Two economic reports from the US Labor and Commerce departments showed a rise in wholesale prices, coupled with a slump in new home construction, are continuing to plague the American economy.


A pair of troubling US economic reports released Tuesday showed a sharp uptick in wholesale prices and a heavy slump in new home construction are continuing to plague the world's largest economy.

The Labor Department said wholesale prices had spiked by their largest margin in 27 years in the year to July, rising an annualized 9.8 percent. The report, which set off inflationary alarms on Wall Street, sent US financial markets into a nosedive.

The markets also got a fresh reminder that the ailing housing industry remains stuck in a rut as a Commerce Department report showed new US home construction plunged 11 percent in July to its lowest level in 17 years.

"Inflation is way too hot and with housing way too cold, we have the opposite of a Goldilocks economy," said Joel Naroff, president of Naroff Economic Advisors.

A "Goldilocks economy" refers to economic conditions that are not too hot or too cold.

Inflation angst rose as the producer price index (PPI), a key gauge of inflation at the wholesale level, rose by its largest annualized rate since a 10.4 percent gain was recorded in June 1981.

Economists said the report makes clear that costs at the factory and farm gate have surged.

The latest inflation news will likely not be welcomed by the Federal Reserve, which has been waging a campaign against bubbling price pressures.

Fed policymakers, however, expect inflationary pressures to ebb in coming months, especially as world oil prices have cooled dramatically of late.

The core PPI rate, which strips out volatile energy and food costs, has increased by 3.5 percent over the past 12 months, marking the largest surge in the annualized core reading since May 1991.

On a monthly basis, overall prices rose by a more-than-expected 1.2 percent in July against market forecasts which had predicted a much more moderate rise of 0.4 percent. The core rate rose by a more-than-anticipated 0.7 percent in July from June.

The surge in the core reading suggests producers may be trying to pass on increased costs through the price-chain as they struggle to absorb rising global commodity and material prices which have swept the US economy.

This could further stretch consumers' wallets which are already being stressed by a continuing credit crunch and the long-running housing slump.

After an unexpected rise in construction in June, home building activity meanwhile fell to an annualized pace of 965,000 units, the Commerce Department report showed. That reflects the weakest pace of new property construction since March 1991.

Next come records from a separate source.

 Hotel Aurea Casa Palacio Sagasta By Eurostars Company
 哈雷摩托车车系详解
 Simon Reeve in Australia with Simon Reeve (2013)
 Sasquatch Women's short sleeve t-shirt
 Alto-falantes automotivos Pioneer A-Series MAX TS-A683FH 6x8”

"New building codes enacted by New York City accounted for the big jump in permits and starts in June. July's 23.6 percent drop in multi-family starts and 32.4 percent drop in multi-family (building) permits is mostly payback for June's strong numbers," said Patrick Newport, an economist at Global Insight.

The central bank could in theory hike interest rates to cool inflationary pressures like it did in 1981, but its hands have been tied by the simmering housing downturn.

The Fed left its key interest rate anchored at 2.0 percent earlier this month, in part as it adopted a wait-and-see approach to inflation risks.

The reports were issued as world oil prices remained under pressure. A key New York oil futures contract gained over one dollar to close at 114.53 dollars a barrel, but prices have fallen heavily from record peaks over 147 dollars on July 11.

Wholesale food costs moderated in July from the prior month to show a gain of 0.3 percent and while energy prices also eased they remained relatively high, posting a gain of 3.1 percent in July, up from a 6.0 percent jump in June.

Prices of big-ticket durable goods rose 0.6 percent last month, showing an acceleration from a 0.3 percent reading in June.

Durable goods include autos and large household appliances such as refrigerators and washing machines.

The Dow Jones Industrial Average closed down 1.14 percent at 11,348.55 in the wake of the reports.